Supplied data:
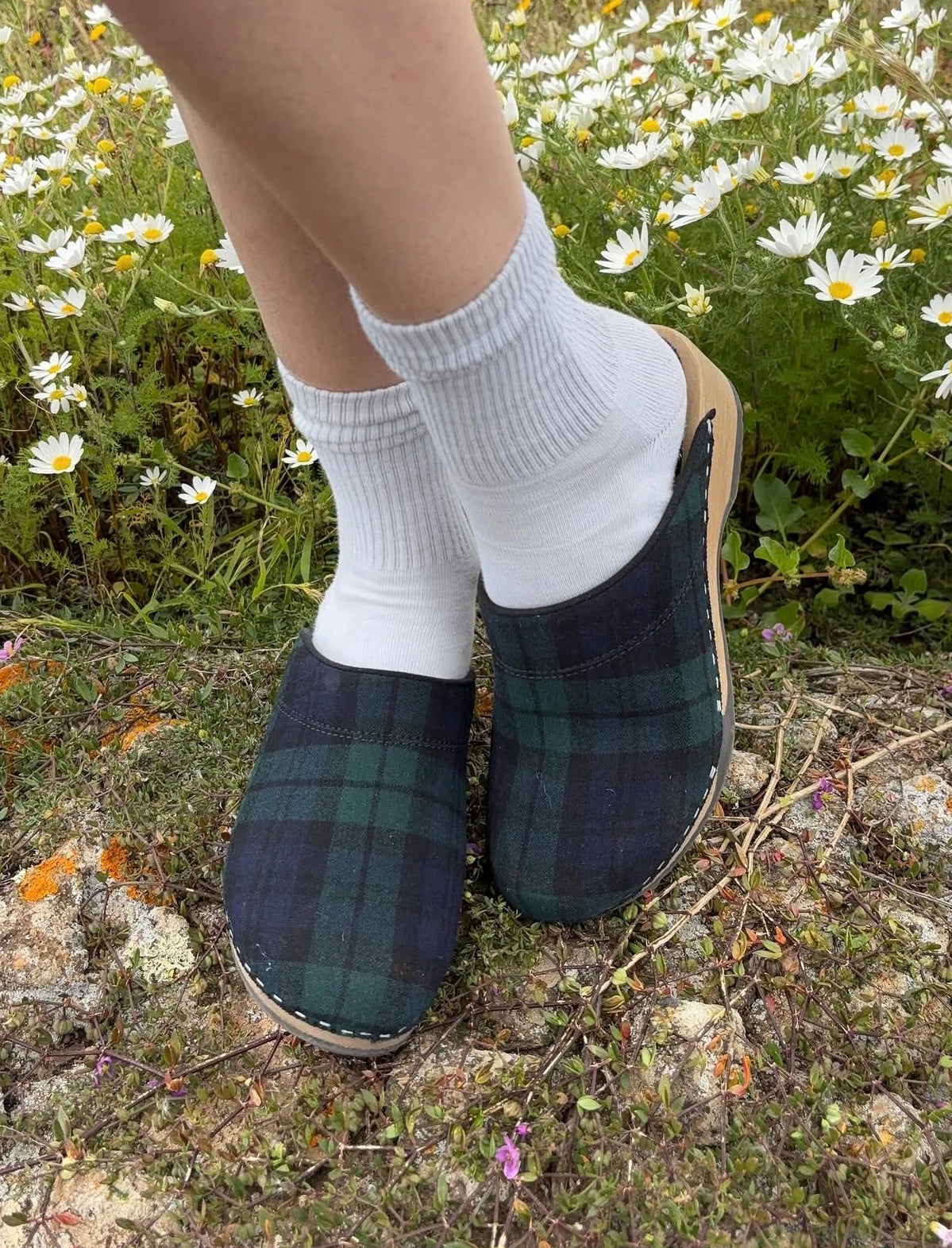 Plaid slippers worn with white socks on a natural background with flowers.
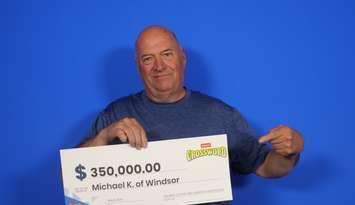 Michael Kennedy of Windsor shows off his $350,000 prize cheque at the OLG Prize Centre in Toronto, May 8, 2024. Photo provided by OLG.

...

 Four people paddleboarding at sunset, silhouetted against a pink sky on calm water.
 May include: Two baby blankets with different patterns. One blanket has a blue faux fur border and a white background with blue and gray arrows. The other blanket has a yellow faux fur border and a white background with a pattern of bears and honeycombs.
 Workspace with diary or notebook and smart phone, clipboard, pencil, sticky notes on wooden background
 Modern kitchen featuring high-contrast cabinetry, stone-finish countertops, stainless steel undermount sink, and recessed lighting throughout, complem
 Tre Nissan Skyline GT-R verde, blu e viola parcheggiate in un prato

About this exercise: To complete this exercise, transcribe exactly the lines above from the one that holds "Plaid slippers worn" through the one that holds "Michael Kennedy of". Pictures stay out.

Exercise response:
 Plaid slippers worn with white socks on a natural background with flowers.
 Michael Kennedy of Windsor shows off his $350,000 prize cheque at the OLG Prize Centre in Toronto, May 8, 2024. Photo provided by OLG.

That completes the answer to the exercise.